The word do is almost always a command.

  • Bad: doLog, doUpdate (looks like a function name: function doUpdate() { ... })
  • Good: shouldLog, isLoggingEnabled, isUpdated

4. Language-Specific Reference Table

Conventions vary slightly by language ecosystem. Adhere to the standard of the language you are writing in.

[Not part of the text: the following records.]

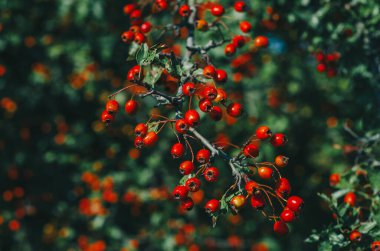 Koyu yeşil yapraklı kırmızı dikenli böğürtlen. İlaç bitkilerinin güz hasadı. Küçük açıklık, bulanık arkaplan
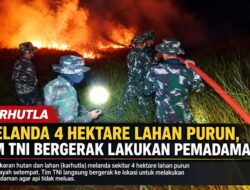 Karhutla Melanda 4 Hektare Lahan Purun, Tim TNI Bergerak Lakukan Pemadaman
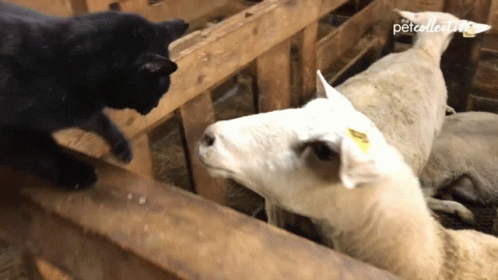 a cat and a sheep looking through a wooden fence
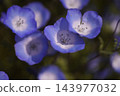 藍色粉蝶 143977032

Language Case Style Convention Notes Examples
JavaScript / TS camelCase Prefixes (is, has) strongly encouraged to distinguish from objects. isLoading, shouldRender
Java / C# camelCase Strictly uses prefixes. For JavaBeans, getters must use is. isValid, canExecute
Python snake_case PEP 8 standard. Prefixes are standard. is_valid, has_permission
Ruby snake_case Exception: Methods ending in ? return booleans. Variables use is_. valid? (method), is_admin
Go CamelCase Prefixes common, but omitted if struct/package provides context. IsReady, HasPrefix
Rust snake_case Predicate methods must use prefixes per API guidelines. is_empty, starts_with
Swift / Kotlin camelCase Reads like a sentence. Kotlin properties interop with Java is getters. isUserInteractionEnabled
C / C++ Mixed STL uses snake_case. Application code varies, but prefixes are standard. is_open, has_value

5. Quick Check Checklist

Before committing, ask yourself:

  • Does it start with a verb (is, has, can, etc.)?
  • Does if (variableName) sound like a coherent English sentence?
  • Is it positive? (Avoid isNot... or disable...)
  • Is it free of type noise (Flag, Bit, Bool)?